> The problem: Each line from the one that holds "Portrait of a" to the end of the entries is to be given again exactly. Do not include pictures.
========================================
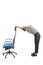 Woman next to her office chair doing exercises, isolated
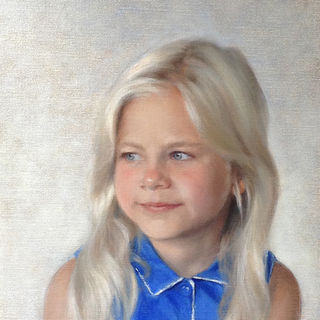 Portrait of a young girl with long blonde hear wearing a blue collared top, blue/white background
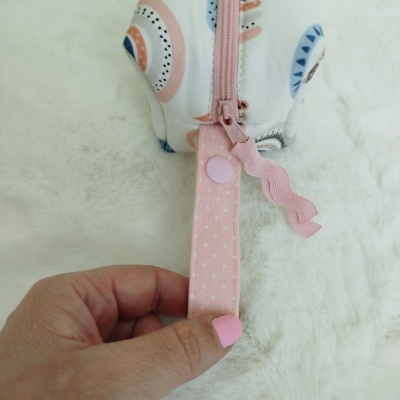 Estojo branco com padrão colorido e fecho rosa sobre superfície branca felpuda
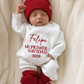 Sleeping newborn in a personalized Christmas romper with holiday knit styling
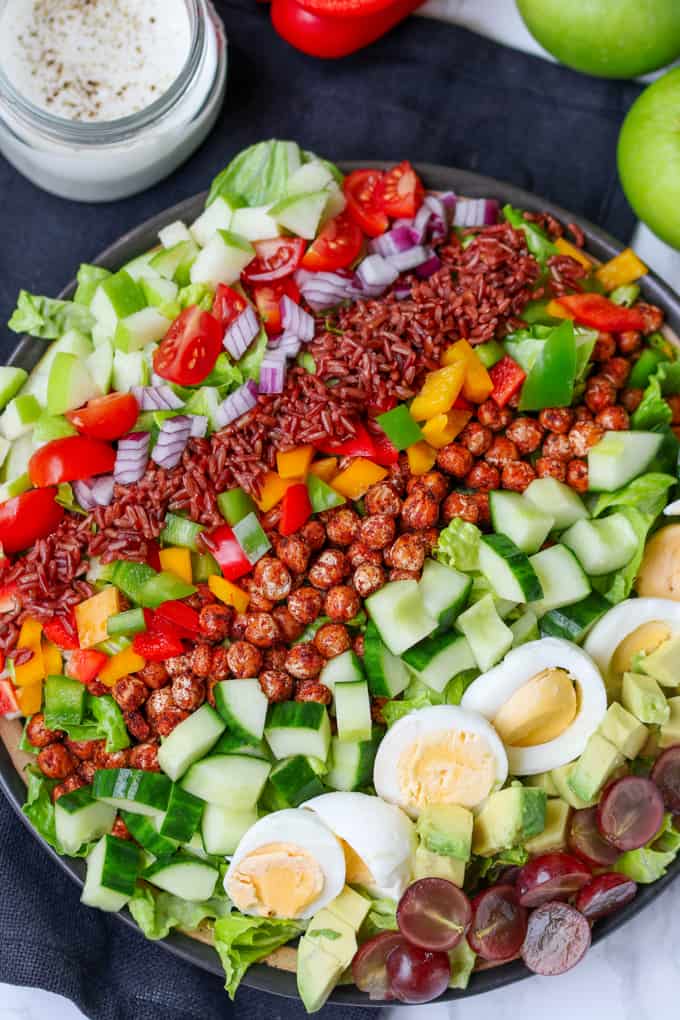A colourful chopped cob salad with smoky chickpeas and goat's cheese dressing!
========================================
> Solution to the exercise:
 Portrait of a young girl with long blonde hear wearing a blue collared top, blue/white background
 Estojo branco com padrão colorido e fecho rosa sobre superfície branca felpuda
 Sleeping newborn in a personalized Christmas romper with holiday knit styling
A colourful chopped cob salad with smoky chickpeas and goat's cheese dressing!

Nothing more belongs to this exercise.